But that the mind alone is that which gives both assistance and ornament, the mind that overcomes, that excels, and acts the kingly part, while those other blind, deaf, and inanimate things do but hinder, depress, and disgrace the possessors void of virtue, is easily made manifest by experience. For Semiramis, but a woman, set forth great navies, raised mighty armies, built Babylon, coverd the Red Sea with her fleets and subdued the Ethiopians and Arabians. On the other side, Sardanapalus possessing the same power and dominion, though born a man, spent his time at home combing purple wool, lying among his harlots in a lascivious posture upon his back, with his heels higher than his head. After his decease, they made for him a statue of stone, resembling a woman dancing, who seemed to snap with her fingers as she held them over her head, with this inscription,—

Eat, drink, indulge thy lust; all other things are nothing.

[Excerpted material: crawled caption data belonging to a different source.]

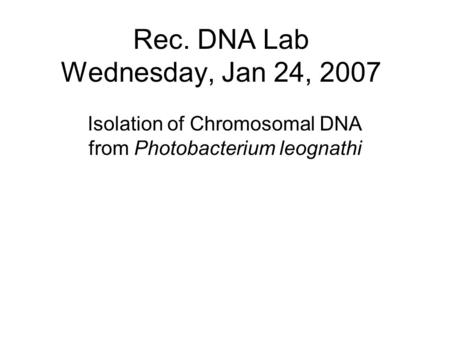 Rec. DNA Lab Wednesday, Jan 24, 2007 Isolation of Chromosomal DNA from Photobacterium leognathi.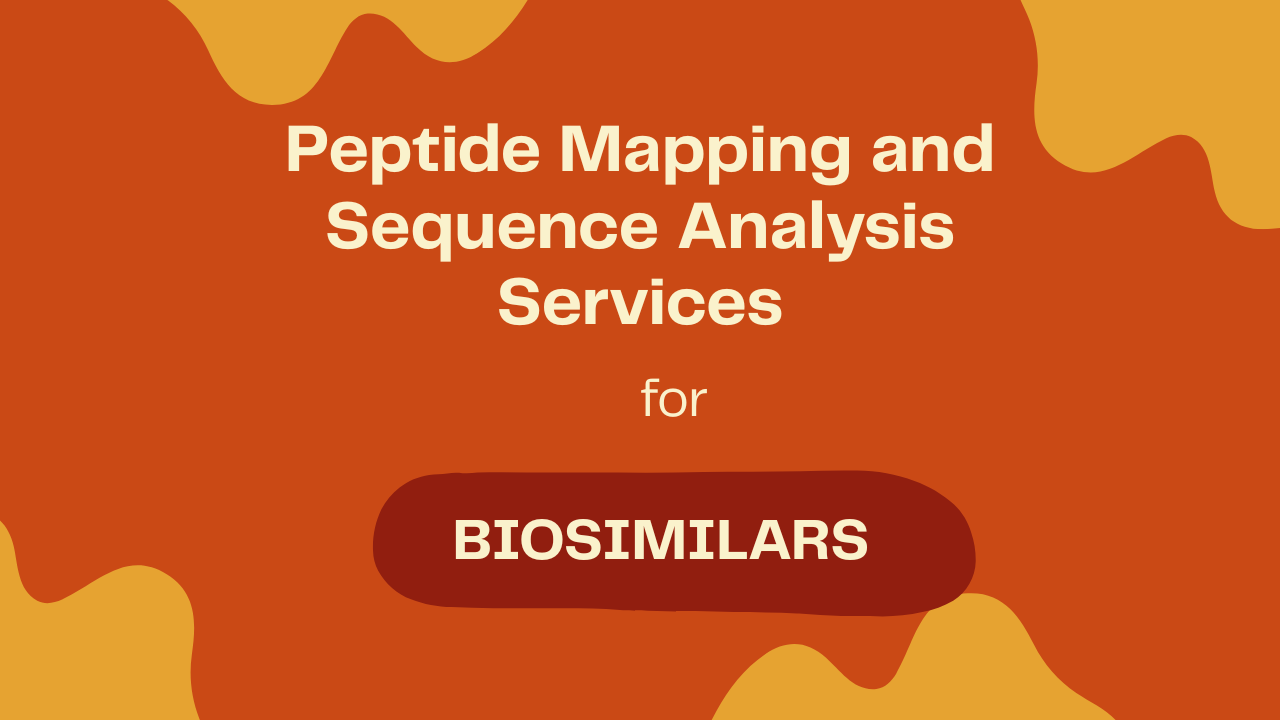 Peptide Mapping and Sequence Analysis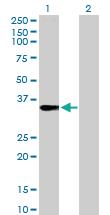 Anti-FRG1 Rabbit Polyclonal Antibody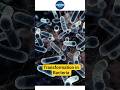 Bacterial Transformation in 100 Seconds 🧬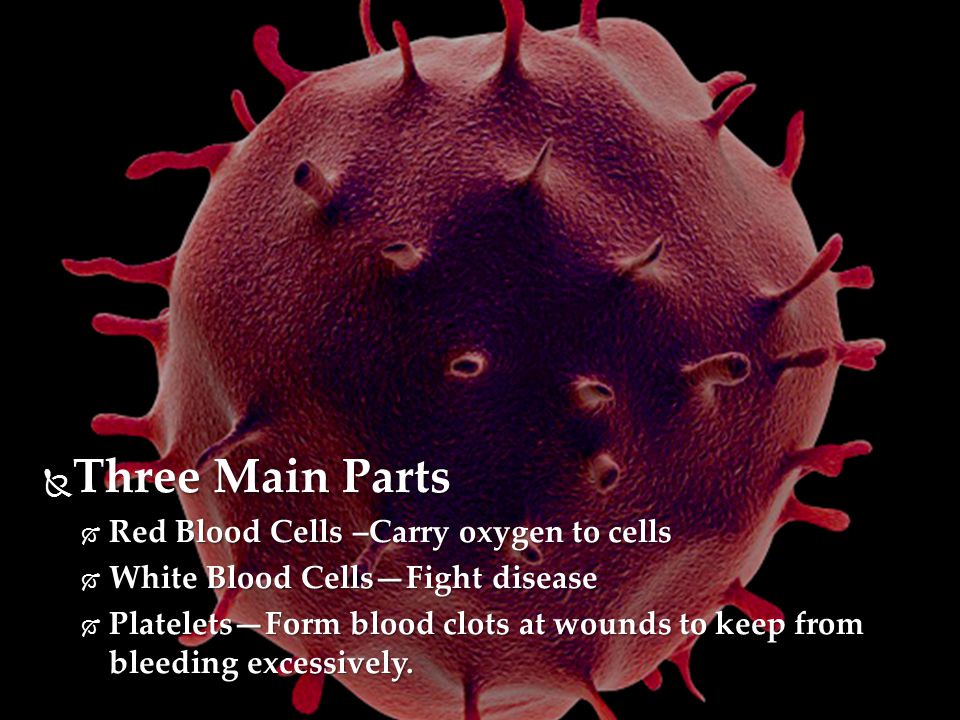  Three Main Parts  Red Blood Cells –Carry oxygen to cells  White Blood Cells—Fight disease  Platelets—Form blood clots at wounds to keep from bleeding excessively.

Whence it came to pass that Crates, seeing the golden statue of Phryne the courtesan standing in the temple of Delphi, cried out, There stands a trophy of the Grecian luxury. But had he viewed the life or rather burial (for I find but little difference) of Sardanapalus, would he have imagined that statue to have been a trophy of Fortune's indulgences? Shall we suffer the fortune of Alexander to be sullied by the touch of Sardanapalus, or endure that the latter should challenge the majesty and prowess of the former? For what did Sardanapalus enjoy through her favor, more than other princes receive at her hands—arms, horses, weapons, money, and guards of the body? Let Fortune, with all these assistances, make Aridaeus famous, if she can; let her, if she can, advance the renown of Ochus, Amasis, Oarses, Tigranes the Armenian, or Nicomedes [p. 498] the Bithynian. Of which last two, the one, casting his diadem at Pompey's feet, ignominiously surrendered up his kingdom a prey to the victor; and as for Nicomedes, he, after he had shaved his head and put on the cap of liberty, acknowledged himself no more than a freed vassal of the Roman people.